Javier Milei envió al Congreso un proyecto para eliminar la norma de promoción de la alimentación saludable, al sostener que generó "confusión en los consumidores", distorsiones regulatorias y sobrecostos para la industria.
Según él es necesario un sistema "más preciso, contextualizado y científicamente consistente", que algunos sospechan fue escrito en un estudio jurídico que trabaja para las alimentarias.
Milei pretende derogar la Ley 27.642 de Promoción de la Alimentación Saludable, que instauró el sistema de etiquetado frontal de advertencias en alimentos y bebidas.
En el mensaje firmado por el presidente, su deslomado jefe de Gabinete, Manuel Adorni; y el ridículo ministro de Salud, Mario Lugones, se sostiene que la experiencia de aplicación de la norma permitió detectar "diversas limitaciones técnicas, regulatorias, operativas y también económicas" que justifican su eliminación.
Mentiras
El nuevo Etiquetado lo impulsa Milei, quien impidió al INdEC actualizar la canasta considerada para evaluar la variación del costo de vida. Un irresponsable. ¿Quién dice que podrá hacer algo mejor con el Etiquetado qué propone?
De acuerdo con el texto, que ingresó para su tratamiento inicial por el Senado, la ley vigente incorporó un esquema obligatorio de sellos de advertencia basado en parámetros de la Organización Panamericana de la Salud (OPS), junto con restricciones a la publicidad, la promoción y la utilización de determinados elementos gráficos en los envases.

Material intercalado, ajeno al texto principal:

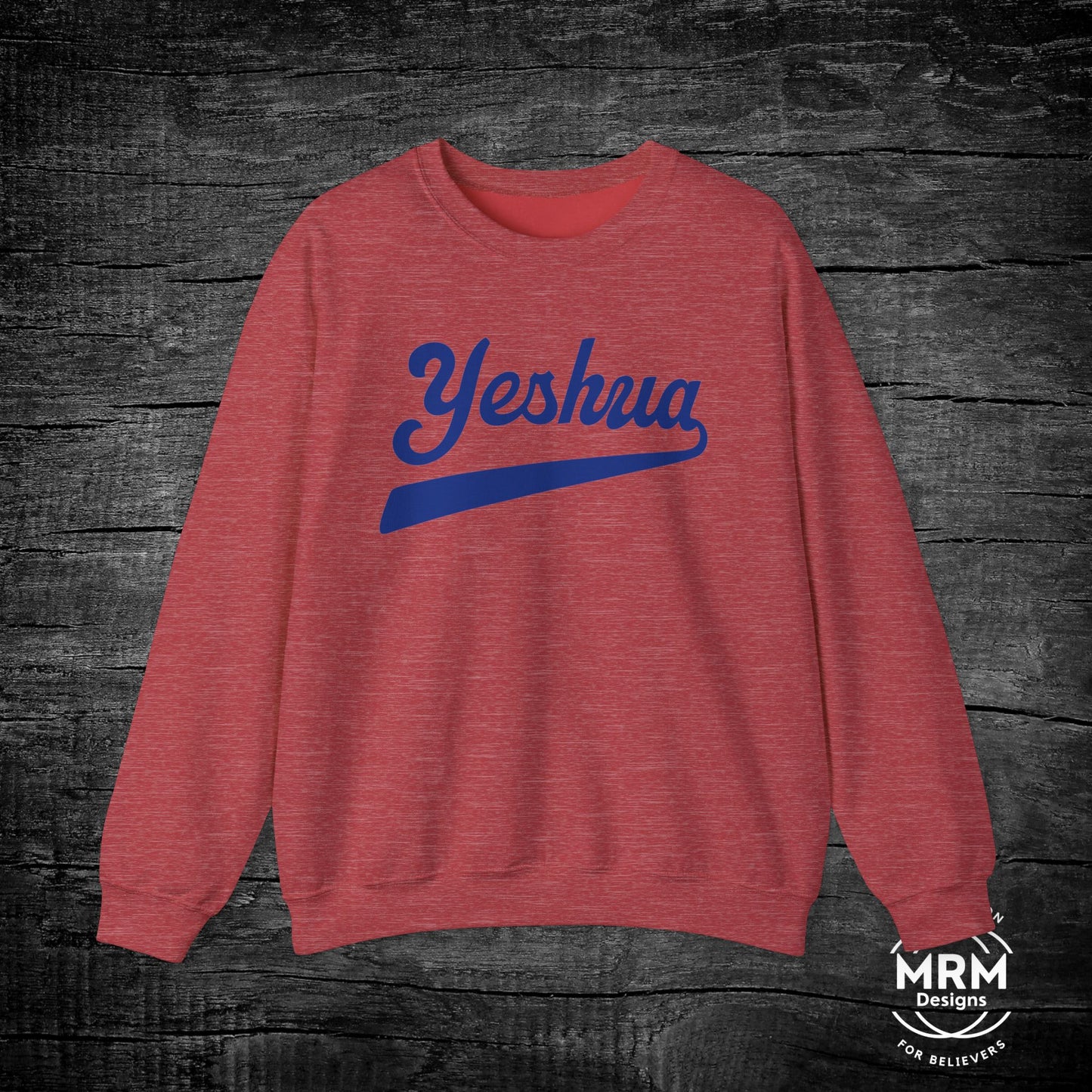 Yeshua Crewneck Sweatshirt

Sin embargo, el Ejecutivo advierte que "no existe actualmente un modelo único y uniforme a nivel internacional" sobre etiquetado frontal, y que los sistemas disponibles están en permanente revisión, lo que relativiza la adopción de un esquema rígido como el argentino.

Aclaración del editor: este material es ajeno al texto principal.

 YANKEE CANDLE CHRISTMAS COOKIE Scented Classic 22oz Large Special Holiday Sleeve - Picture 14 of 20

Uno de los principales cuestionamientos apunta al perfil de nutrientes utilizado, que aplica criterios homogéneos a alimentos de características muy diferentes.
Según el mensaje, esto genera situaciones en las que productos "tradicionalmente incorporados dentro de patrones alimentarios cultural y nutricionalmente aceptados" reciben advertencias equivalentes a otros de menor calidad nutricional, lo que "dificulta una adecuada diferenciación" entre ellos.
El Gobierno afirma que el sistema "puede inducir a interpretaciones simplificadas o poco precisas respecto del perfil nutricional integral de determinados alimentos, generando confusión en los consumidores y alejándose de cumplir con los objetivos perseguidos por la propia ley".
También se cuestiona la metodología de cálculo, basada en porcentajes del aporte energético total, ya que en algunos casos arroja resultados "técnicamente inconsistentes o desproporcionados".
Y la falta de incentivos para la reformulación de productos: "La estructura binaria del sistema de advertencias vigente dificulta reflejar mejoras parciales en la composición nutricional de los alimentos".
El mensaje oficial remarca además que el país ya cuenta con un sistema obligatorio de información nutricional armonizado en el Mercosur, que exige declarar valores energéticos, azúcares, grasas, proteínas y sodio, entre otros componentes.